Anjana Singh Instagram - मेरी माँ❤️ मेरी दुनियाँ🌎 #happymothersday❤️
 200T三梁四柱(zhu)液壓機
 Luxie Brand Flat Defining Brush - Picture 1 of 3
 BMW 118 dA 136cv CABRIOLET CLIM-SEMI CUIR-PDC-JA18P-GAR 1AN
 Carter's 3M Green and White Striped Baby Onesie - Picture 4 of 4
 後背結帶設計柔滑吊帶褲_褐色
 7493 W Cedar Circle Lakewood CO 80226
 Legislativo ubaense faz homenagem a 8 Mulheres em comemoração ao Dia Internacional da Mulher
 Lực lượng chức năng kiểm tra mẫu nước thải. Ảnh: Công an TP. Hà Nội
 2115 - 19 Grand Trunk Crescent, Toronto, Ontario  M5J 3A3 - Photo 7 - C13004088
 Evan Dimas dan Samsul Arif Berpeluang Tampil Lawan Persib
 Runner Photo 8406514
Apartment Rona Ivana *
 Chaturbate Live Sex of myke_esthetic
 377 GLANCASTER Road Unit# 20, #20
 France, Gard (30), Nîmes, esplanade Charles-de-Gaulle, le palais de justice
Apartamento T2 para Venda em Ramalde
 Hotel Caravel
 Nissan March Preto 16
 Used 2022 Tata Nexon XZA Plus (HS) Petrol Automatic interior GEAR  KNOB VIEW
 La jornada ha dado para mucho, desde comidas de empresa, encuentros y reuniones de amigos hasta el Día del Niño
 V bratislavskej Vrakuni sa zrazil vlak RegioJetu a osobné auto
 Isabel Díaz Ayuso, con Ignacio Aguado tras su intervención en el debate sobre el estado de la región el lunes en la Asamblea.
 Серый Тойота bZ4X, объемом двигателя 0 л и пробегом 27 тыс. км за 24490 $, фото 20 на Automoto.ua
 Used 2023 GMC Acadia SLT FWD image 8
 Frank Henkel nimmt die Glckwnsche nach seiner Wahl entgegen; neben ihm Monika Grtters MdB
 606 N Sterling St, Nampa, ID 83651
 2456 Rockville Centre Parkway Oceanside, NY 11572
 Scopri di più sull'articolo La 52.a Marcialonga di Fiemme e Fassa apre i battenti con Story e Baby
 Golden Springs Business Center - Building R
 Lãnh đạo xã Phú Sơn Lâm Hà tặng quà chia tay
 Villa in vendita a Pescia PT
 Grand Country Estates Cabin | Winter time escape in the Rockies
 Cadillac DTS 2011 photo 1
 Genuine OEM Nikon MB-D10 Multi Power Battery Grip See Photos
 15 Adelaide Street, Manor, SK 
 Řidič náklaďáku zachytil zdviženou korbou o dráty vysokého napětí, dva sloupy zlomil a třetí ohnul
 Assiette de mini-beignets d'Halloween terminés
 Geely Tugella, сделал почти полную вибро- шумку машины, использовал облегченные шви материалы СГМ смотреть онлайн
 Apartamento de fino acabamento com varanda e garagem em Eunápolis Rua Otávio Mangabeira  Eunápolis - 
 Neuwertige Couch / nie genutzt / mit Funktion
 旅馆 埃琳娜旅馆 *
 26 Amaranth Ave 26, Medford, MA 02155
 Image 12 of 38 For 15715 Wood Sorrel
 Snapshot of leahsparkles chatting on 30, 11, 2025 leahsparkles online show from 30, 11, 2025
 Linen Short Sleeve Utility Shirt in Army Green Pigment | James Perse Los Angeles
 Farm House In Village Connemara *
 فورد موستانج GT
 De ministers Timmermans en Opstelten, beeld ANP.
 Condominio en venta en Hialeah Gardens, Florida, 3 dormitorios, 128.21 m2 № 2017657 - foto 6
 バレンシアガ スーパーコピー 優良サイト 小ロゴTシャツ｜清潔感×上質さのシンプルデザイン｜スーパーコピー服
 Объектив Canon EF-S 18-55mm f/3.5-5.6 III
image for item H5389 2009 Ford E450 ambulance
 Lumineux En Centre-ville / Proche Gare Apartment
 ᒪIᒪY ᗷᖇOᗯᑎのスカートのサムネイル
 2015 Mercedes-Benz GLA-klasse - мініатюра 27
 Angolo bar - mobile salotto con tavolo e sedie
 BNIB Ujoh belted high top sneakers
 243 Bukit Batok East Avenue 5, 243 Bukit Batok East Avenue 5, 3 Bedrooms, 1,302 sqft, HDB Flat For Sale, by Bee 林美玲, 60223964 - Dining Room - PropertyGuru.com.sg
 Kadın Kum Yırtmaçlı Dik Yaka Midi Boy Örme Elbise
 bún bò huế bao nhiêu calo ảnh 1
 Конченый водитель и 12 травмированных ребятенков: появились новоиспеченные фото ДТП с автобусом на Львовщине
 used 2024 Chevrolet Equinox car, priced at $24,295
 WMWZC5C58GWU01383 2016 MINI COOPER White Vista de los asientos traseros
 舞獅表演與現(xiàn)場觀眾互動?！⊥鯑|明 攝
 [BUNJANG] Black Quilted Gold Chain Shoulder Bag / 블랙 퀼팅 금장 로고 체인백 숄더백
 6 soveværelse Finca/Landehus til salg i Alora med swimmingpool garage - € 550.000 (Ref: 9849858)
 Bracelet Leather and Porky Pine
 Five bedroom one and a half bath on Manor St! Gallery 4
==============================
**PROBLEM TO SOLVE:** Among the entries above, copy exactly only the lines starting with the one containing "7493 W Cedar Circle Lakewood CO 80226" and going through the one containing "Genuine OEM Nikon", both ends included.

**ANSWER BELOW:**
 7493 W Cedar Circle Lakewood CO 80226
 Legislativo ubaense faz homenagem a 8 Mulheres em comemoração ao Dia Internacional da Mulher
 Lực lượng chức năng kiểm tra mẫu nước thải. Ảnh: Công an TP. Hà Nội
 2115 - 19 Grand Trunk Crescent, Toronto, Ontario  M5J 3A3 - Photo 7 - C13004088
 Evan Dimas dan Samsul Arif Berpeluang Tampil Lawan Persib
 Runner Photo 8406514
Apartment Rona Ivana *
 Chaturbate Live Sex of myke_esthetic
 377 GLANCASTER Road Unit# 20, #20
 France, Gard (30), Nîmes, esplanade Charles-de-Gaulle, le palais de justice
Apartamento T2 para Venda em Ramalde
 Hotel Caravel
 Nissan March Preto 16
 Used 2022 Tata Nexon XZA Plus (HS) Petrol Automatic interior GEAR  KNOB VIEW
 La jornada ha dado para mucho, desde comidas de empresa, encuentros y reuniones de amigos hasta el Día del Niño
 V bratislavskej Vrakuni sa zrazil vlak RegioJetu a osobné auto
 Isabel Díaz Ayuso, con Ignacio Aguado tras su intervención en el debate sobre el estado de la región el lunes en la Asamblea.
 Серый Тойота bZ4X, объемом двигателя 0 л и пробегом 27 тыс. км за 24490 $, фото 20 на Automoto.ua
 Used 2023 GMC Acadia SLT FWD image 8
 Frank Henkel nimmt die Glckwnsche nach seiner Wahl entgegen; neben ihm Monika Grtters MdB
 606 N Sterling St, Nampa, ID 83651
 2456 Rockville Centre Parkway Oceanside, NY 11572
 Scopri di più sull'articolo La 52.a Marcialonga di Fiemme e Fassa apre i battenti con Story e Baby
 Golden Springs Business Center - Building R
 Lãnh đạo xã Phú Sơn Lâm Hà tặng quà chia tay
 Villa in vendita a Pescia PT
 Grand Country Estates Cabin | Winter time escape in the Rockies
 Cadillac DTS 2011 photo 1
 Genuine OEM Nikon MB-D10 Multi Power Battery Grip See Photos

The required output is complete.